Jefferies reiterated a Buy on Praxis Precision Medicines with a $525 price target, implying upside from the current $339.90 share price. The FDA accepted the NDA for ulixacaltamide in essential tremor and set a PDUFA date of Jan. 29, 2027, with no advisory committee expected; Jefferies assigns a 75% to 80% approval probability. The stock has already surged 966% over the past year to a $9.47 billion market cap, so the news is supportive but likely less transformative than the prior rally.

Analysis

PRAX is morphing from a single-asset biotech story into a probability-weighted regulatory event, and that changes how the stock should trade.

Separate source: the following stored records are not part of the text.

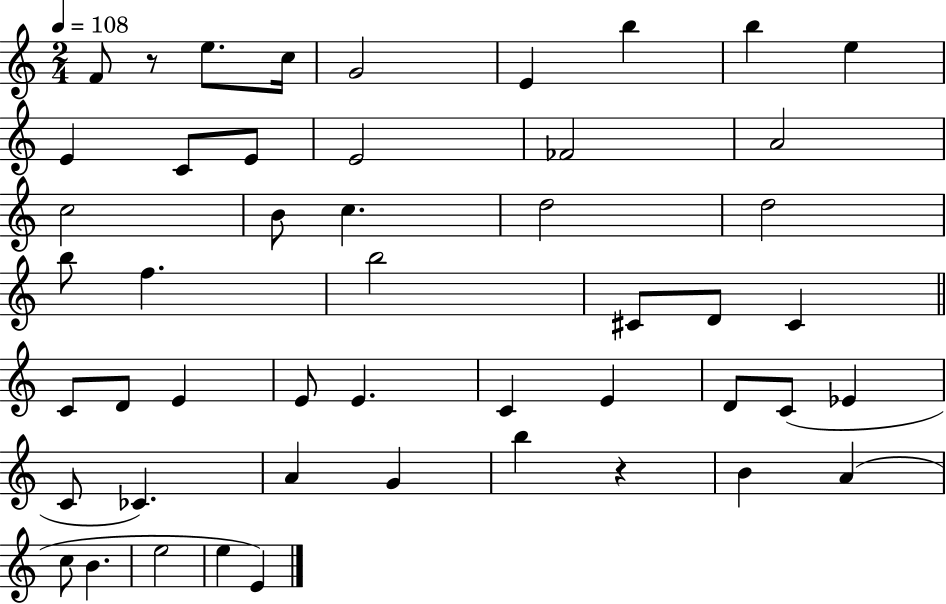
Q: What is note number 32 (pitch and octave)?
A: E4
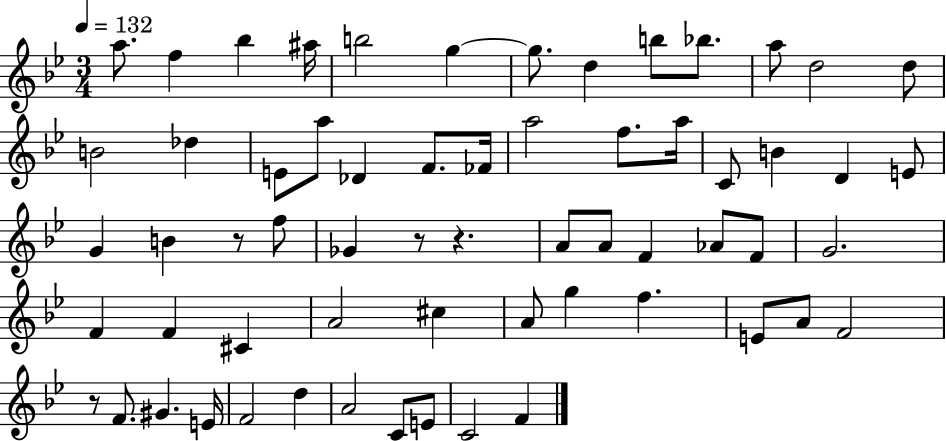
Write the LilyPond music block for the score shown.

{
  \clef treble
  \numericTimeSignature
  \time 3/4
  \key bes \major
  \tempo 4 = 132
  a''8. f''4 bes''4 ais''16 | b''2 g''4~~ | g''8. d''4 b''8 bes''8. | a''8 d''2 d''8 | \break b'2 des''4 | e'8 a''8 des'4 f'8. fes'16 | a''2 f''8. a''16 | c'8 b'4 d'4 e'8 | \break g'4 b'4 r8 f''8 | ges'4 r8 r4. | a'8 a'8 f'4 aes'8 f'8 | g'2. | \break f'4 f'4 cis'4 | a'2 cis''4 | a'8 g''4 f''4. | e'8 a'8 f'2 | \break r8 f'8. gis'4. e'16 | f'2 d''4 | a'2 c'8 e'8 | c'2 f'4 | \break \bar "|."
}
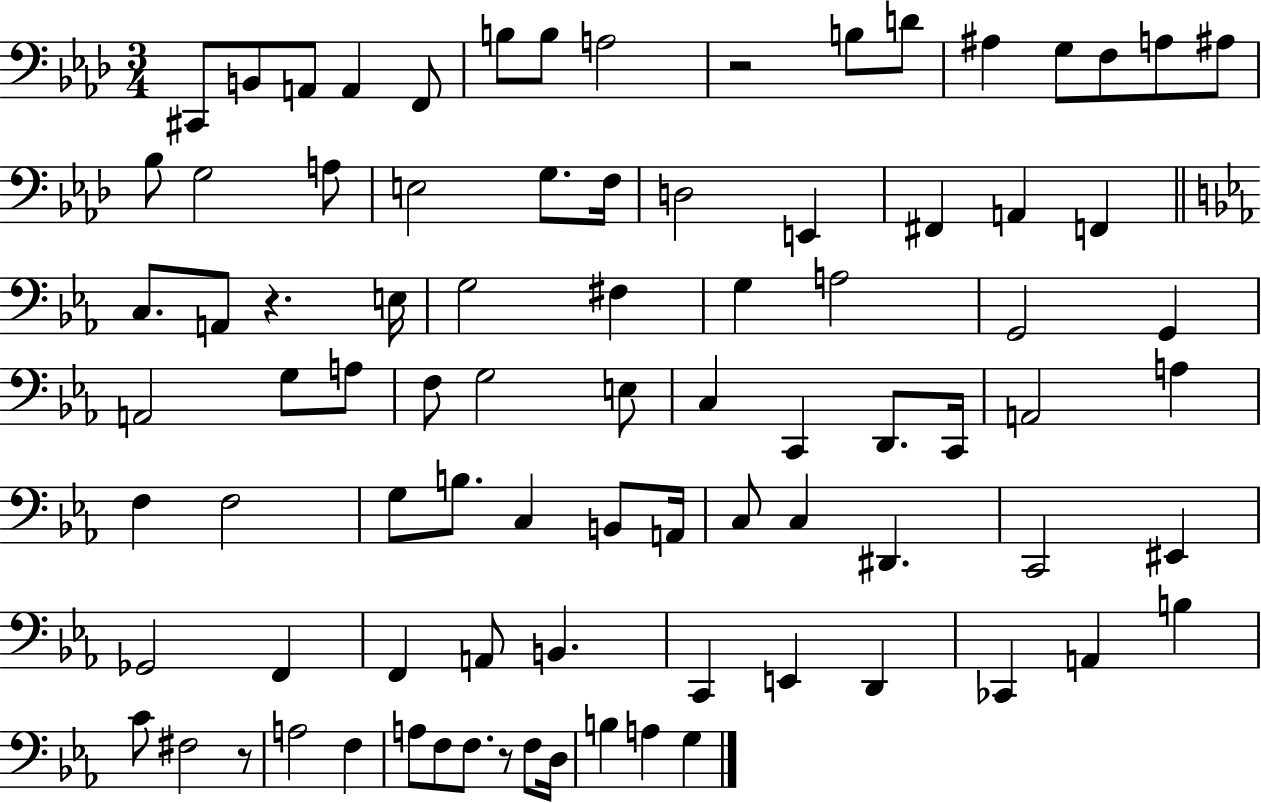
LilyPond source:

{
  \clef bass
  \numericTimeSignature
  \time 3/4
  \key aes \major
  cis,8 b,8 a,8 a,4 f,8 | b8 b8 a2 | r2 b8 d'8 | ais4 g8 f8 a8 ais8 | \break bes8 g2 a8 | e2 g8. f16 | d2 e,4 | fis,4 a,4 f,4 | \break \bar "||" \break \key c \minor c8. a,8 r4. e16 | g2 fis4 | g4 a2 | g,2 g,4 | \break a,2 g8 a8 | f8 g2 e8 | c4 c,4 d,8. c,16 | a,2 a4 | \break f4 f2 | g8 b8. c4 b,8 a,16 | c8 c4 dis,4. | c,2 eis,4 | \break ges,2 f,4 | f,4 a,8 b,4. | c,4 e,4 d,4 | ces,4 a,4 b4 | \break c'8 fis2 r8 | a2 f4 | a8 f8 f8. r8 f8 d16 | b4 a4 g4 | \break \bar "|."
}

The key second-order effect is that the long-dated PDUFA compresses the near-term catalyst path into a sequence of data presentations, KOL validation, and sentiment-driven re-ratings rather than a binary approval event, which tends to support elevated multiples for much longer than fundamentals would justify. That said, the market is already pricing a meaningful approval probability, so incremental upside now depends on whether management can expand the addressable patient pool without triggering skepticism about pricing durability or real-world adoption. The main winner here is not just PRAX equity holders, but option sellers and event-driven longs who can monetize volatility decay over the next 12-18 months if the company keeps de-risking the asset. The main loser may be late-stage bears: when a biotech re-rates this sharply before approval, short interest can become self-reinforcing into each conference and regulatory update, but that also makes the name fragile to any signal of label narrowing, additional review, or payer pushback. The bigger hidden risk is commercialization math — a high WAC can support peak-sales models on paper, but in essential tremor the actual net revenue per patient may be far more elastic than bulls assume, especially if competitor neuro/neurology franchises decide to sharpen contracting. Contrarian read: the stock may not be cheap even if the approval thesis is right. The market is likely discounting a clean approval path, but less attention is being paid to post-approval execution risk, neurologist uptake, and whether the initial launch profile can sustain the valuation before the 2027 decision date. In other words, the upside from approval is real, but the path to realizing it is long, and every month of delay increases the chance that valuation mean reversion, not clinical disappointment, becomes the main downside driver.